Mitten in der Pampa an einem schattigen Rain sitzt Däne Diederik im Gras und massiert sich die Füße. Demonstrativ mache ich ein Bild von ihm. Auf meine Nachfrage, ob denn das Bild, welches er gestern von mir machte, schon Erfolg erzielte, antwortet er: „Na klar. Schon zehn Frauen haben sich gemeldet, da ich dank deines Bildes jetzt endlich mal gut aussehe. Und drei davon haben mir schon Geld geschickt, damit ich so schnell wie möglich zu ihnen fliegen kann.“ Was für ein absonderlich cooler Typ. Bevor ich aufgrund dieser Aussage noch selbstverliebt werde, laufe ich lieber schnell weiter.

Durch Wein- und Weizenfelder schlängelt sich der Camino mit mir und meiner Musik in das kleine Städtchen Villatuerta. Hier werde ich Pause machen und auf meine Band warten. Ich frage mich durch alle Bars, auf der Suche nach Zigaretten und Fassbier. Aber so etwas Verrücktes an einem Sonntag in einem kleinen Ort in Spanien aufzutreiben… Keine Chance. Ähnlich wie bei meiner Suche nach Briefmarken in Saint-Jean verhilft mir diesmal die Suche nach Suchtmitteln zu einem umfassenden Überblick über die Struktur eines typisch spanischen Kleinstädtchens zur sonntäglichen Mittagszeit. Schön. Hat nicht jeder. Braucht aber auch nicht jeder.

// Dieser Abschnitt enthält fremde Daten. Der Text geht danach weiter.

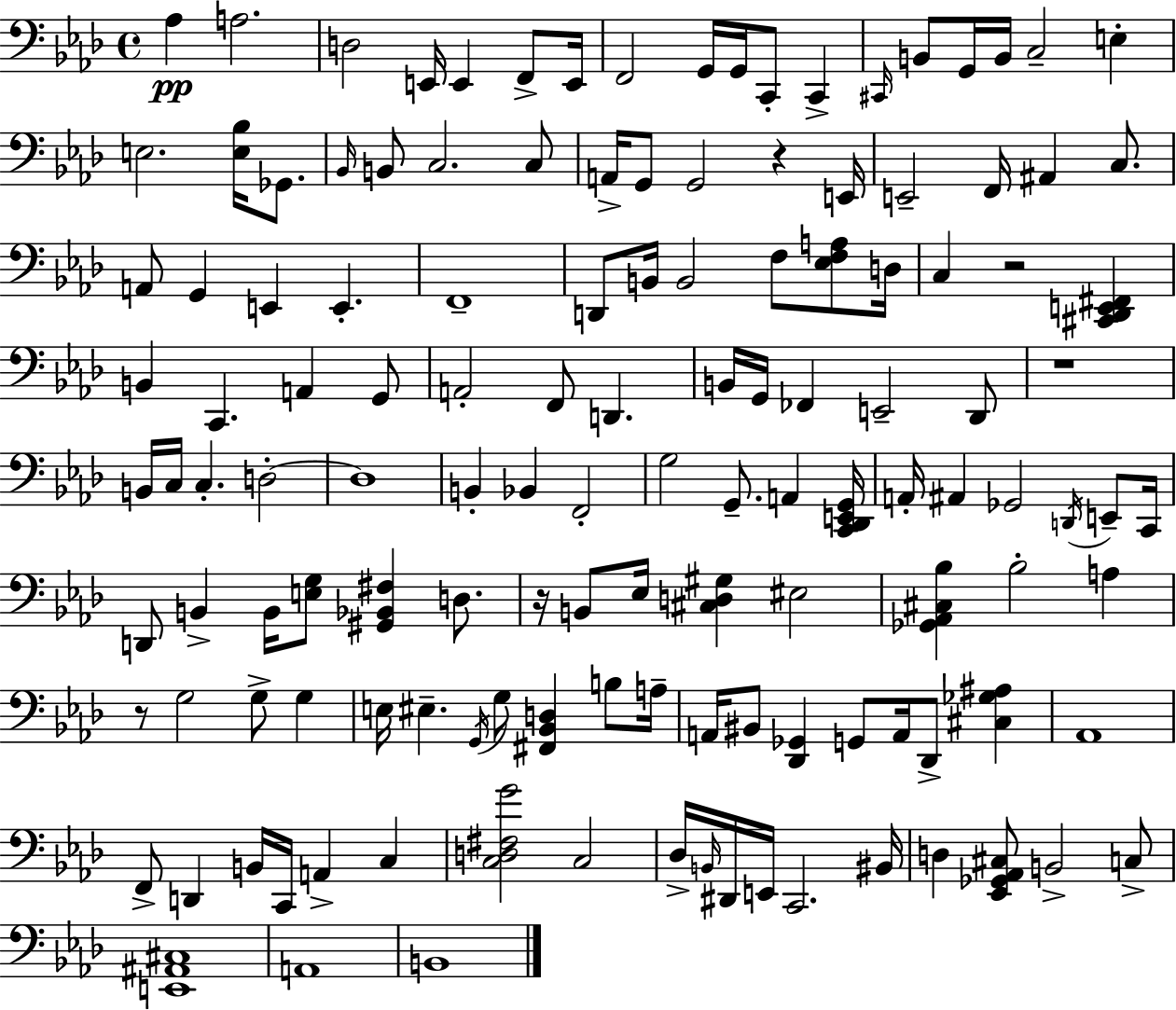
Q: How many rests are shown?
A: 5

Nach meiner Dorfrunde treffe ich an der Kirche die anderen drei Teilnehmer meines Häuflein Elends. Unser Timing ist einfach perfekt. Aus einem Supermarkt, der verrückterweise am Sonntag aufhat, habe ich wenigstens für Alex und mich ein Not-Dosenbier schnappen können. Also rasten wir am Kirchplatz und kommen uns mit verschwitztem Äußeren und Bierdosen ein wenig deplatziert vor, als die Anwohner in feinstem Sonntagszwirn aus dem Gotteshaus strömen. Na ja. Wir sind Pilger, wir dürfen das.

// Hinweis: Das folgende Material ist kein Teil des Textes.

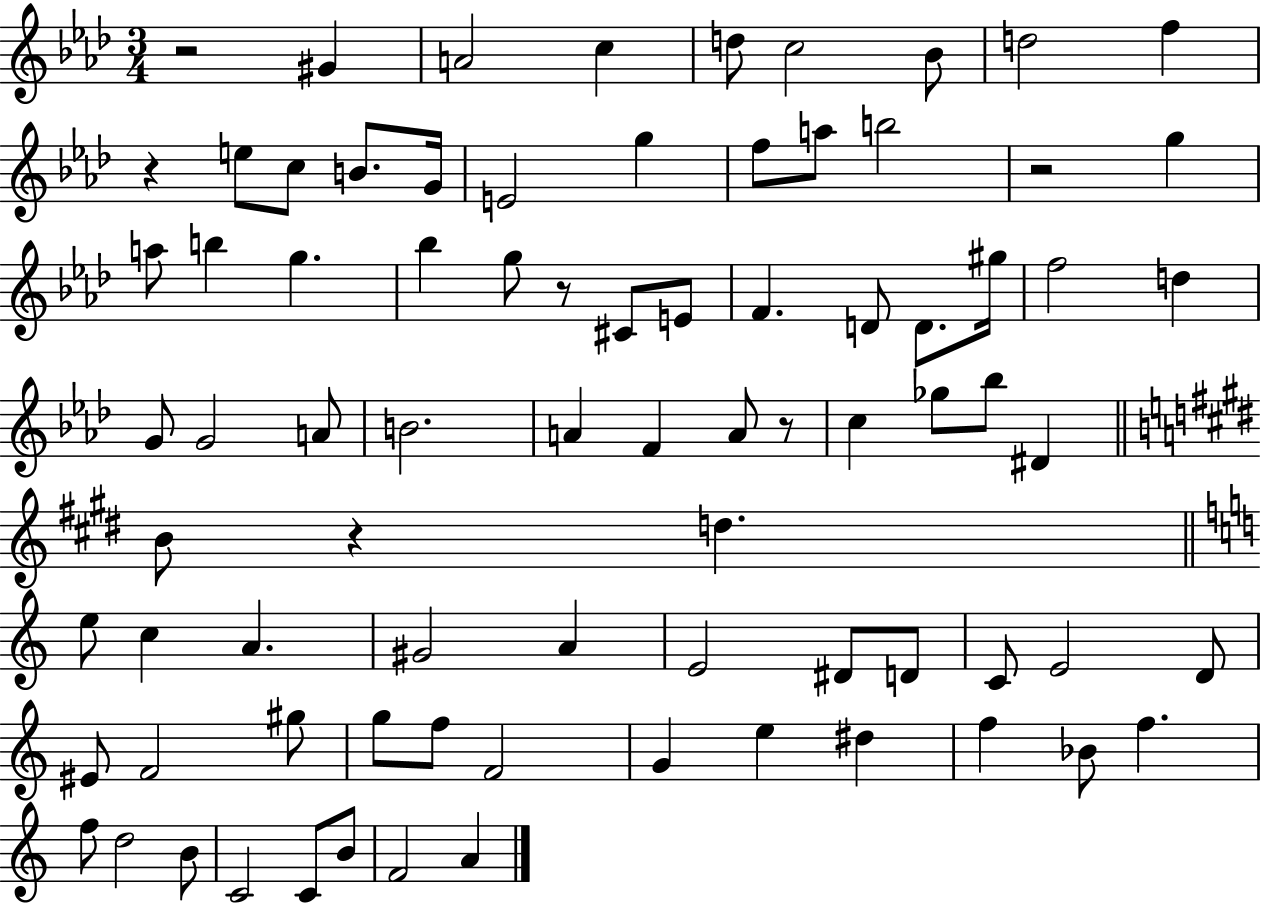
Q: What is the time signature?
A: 3/4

Gemeinsam bestreiten wir die letzten Kilometer des heutigen Tages. Ich bin heute nach wie vor so im Flow, dass ich kaum die Umgebung wahrnehme. Ich kann es nicht genau erklären. Schmerz und Glück wechseln sich ab, aber die Geschwindigkeit bleibt konstant schnell. Keine Ahnung, was mein merkwürdiger Körper im Sinn hat. Hanne und Inga sind irgendwo hinter uns, aber Alex und ich erreichen fast gleichzeitig und sehr zufrieden Estella. Eine Stadt, die in der Größe ungefähr Puente la Reina gleichkommt. Ziel für heute erreicht.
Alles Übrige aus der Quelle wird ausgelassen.